While the advantage of survey experiments is that they convey both descriptive information on attitudes and causal relationships (Mutz, 2011), AMCEs only convey the latter. Marginal means (MMs) complement the descriptive component, describing “the level of favorability toward profiles that have a particular feature level, ignoring all other features” (Leeper et al., 2020: 210). This quantity allows us to answer questions such as: What is the level of favorability toward profiles with value a? Leeper et al. (2020) argue that MMs are necessary to compare subgroup preferences because MMs are not sensitive to the choice of the baseline level, and demonstrate how descriptive interpretation of AMCEs can be misguided because of their dependence on the baseline.
The type of questions each quantity of interest answers.
While the ranking of attribute values (AMCEs) can be inferred from the MMs, the levels of support cannot be inferred from the AMCEs. None of the descriptive questions can be answered by analyzing solely AMCEs. Notably, AMCEs of the same magnitude can correspond to low (opposition) or high (support) levels of favorability toward a profile with a given value.
Alternatively, some values can be exactly what makes the difference between support and opposition. This can be thought of in terms of the difference between “explanatory significance” and “outcome significance” (Margalit, 2019). The former is the causal effect of a given value. Outcome significance pertains to the determinants that make the difference between opposition and support, choice or rejection. In causal examinations, this aspect often has substantive importance. While the causal effect (or explanatory significance) of a given value could be of modest magnitude it could be the thing that tips the scales and thus changes the outcome. Alternatively, large causal effects may lack outcome significance, namely, be non-consequential to the issue at stake. Or, values with AMCEs of similar magnitude may make this difference for some attributes but not for others.
Outcome variables: Forced-choice and rating
Two common outcome variables for conjoint experiments are forced-choice and rating (Bansak et al., 2021b; Hainmueller et al., 2014).

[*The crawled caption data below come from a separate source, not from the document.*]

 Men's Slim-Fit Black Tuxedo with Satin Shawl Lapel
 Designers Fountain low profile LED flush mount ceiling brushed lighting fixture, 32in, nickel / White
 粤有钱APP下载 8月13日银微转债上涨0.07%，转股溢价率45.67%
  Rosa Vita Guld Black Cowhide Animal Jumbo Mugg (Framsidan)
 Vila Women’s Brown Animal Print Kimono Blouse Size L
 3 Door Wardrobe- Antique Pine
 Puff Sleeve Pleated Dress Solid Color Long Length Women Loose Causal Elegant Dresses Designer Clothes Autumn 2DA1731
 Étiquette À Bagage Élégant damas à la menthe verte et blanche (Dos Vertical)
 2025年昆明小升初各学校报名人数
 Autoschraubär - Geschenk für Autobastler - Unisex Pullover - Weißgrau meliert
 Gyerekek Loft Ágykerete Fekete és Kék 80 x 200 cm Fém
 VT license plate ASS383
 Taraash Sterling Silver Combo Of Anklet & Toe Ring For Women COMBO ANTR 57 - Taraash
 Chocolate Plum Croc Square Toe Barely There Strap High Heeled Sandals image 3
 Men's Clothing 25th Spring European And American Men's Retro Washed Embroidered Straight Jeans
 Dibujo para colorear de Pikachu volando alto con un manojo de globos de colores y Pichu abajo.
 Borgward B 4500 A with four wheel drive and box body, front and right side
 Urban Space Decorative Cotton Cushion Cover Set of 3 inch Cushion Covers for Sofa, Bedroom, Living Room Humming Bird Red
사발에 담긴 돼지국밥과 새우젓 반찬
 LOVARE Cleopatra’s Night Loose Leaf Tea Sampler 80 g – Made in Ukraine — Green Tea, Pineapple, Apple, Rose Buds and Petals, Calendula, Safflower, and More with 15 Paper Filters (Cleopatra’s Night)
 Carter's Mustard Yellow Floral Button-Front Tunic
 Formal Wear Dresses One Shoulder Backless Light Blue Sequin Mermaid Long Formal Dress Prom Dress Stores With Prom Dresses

The former is binary and forces respondents to choose between the profiles, and to make tradeoffs between attribute bundles, even when respondents may lack a clear preference. Hence, by design, this outcome variable forces the mean of MMs of each attribute to be 0.5. This makes it difficult to determine whether an attribute value is an asset or a liability.
The rating outcome includes a scale (e.g., from 1 to 7) and allows respondents to express more nuanced preferences, for example—reject or support both profiles. It even allows participants to reject (support) all the profiles they evaluate. Notably, when a preference exists, the choice can be induced from the rating, but not the other way around. Importantly, this outcome does not constrain the mean of the MMs. While it is well-researched that different rating scales elicit preferences in different ways and recommended to employ moderate length scales in surveys (Krosnick and Presser, 2010), for conjoint analysis it became common to use (or report) predominantly the choice outcome (see Table E2 in the Supporting Material and Ganter (2023)).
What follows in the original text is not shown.